Reproduce the listing below word for word and exclude any picture.

PROVIDED MATERIAL:
[Start of Attachment]
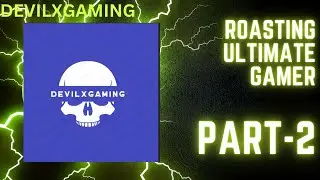 Roasting Ultimate gamer|DevilxGaming|Part-2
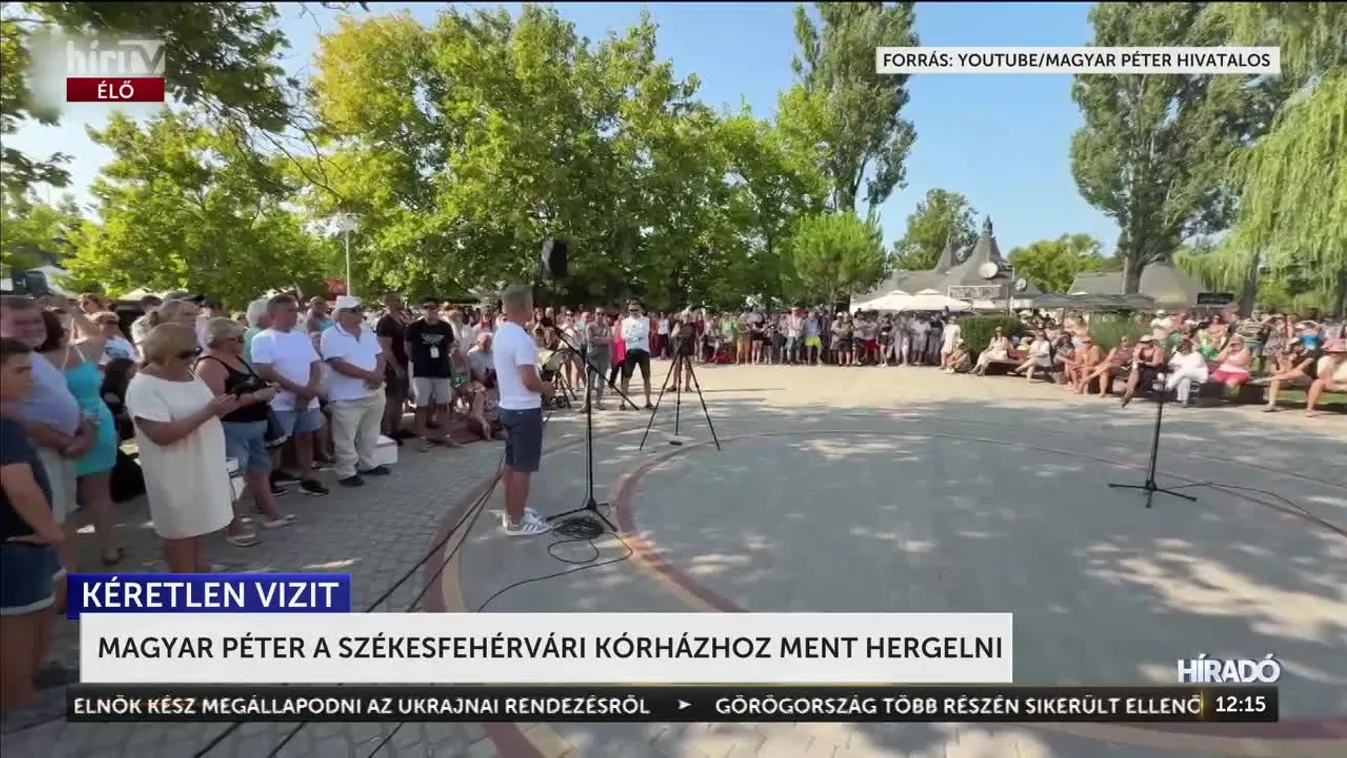 MAGYAR PÉTER A SZÉKESFEHÉRVÁRI KÓRHÁZHOZ MENT HERGELNI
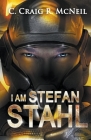 I am Stefan Stahl By C. Craig R. McNeil Cover Image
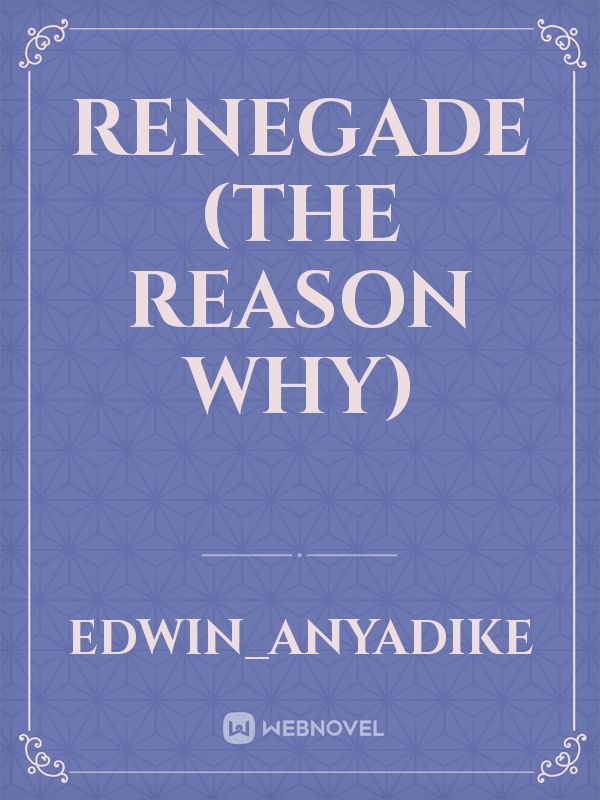 Renegade (the reason why)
[End of Attachment]
EXERCISE ANSWER:
 Roasting Ultimate gamer|DevilxGaming|Part-2
 MAGYAR PÉTER A SZÉKESFEHÉRVÁRI KÓRHÁZHOZ MENT HERGELNI
 I am Stefan Stahl By C. Craig R. McNeil Cover Image
 Renegade (the reason why)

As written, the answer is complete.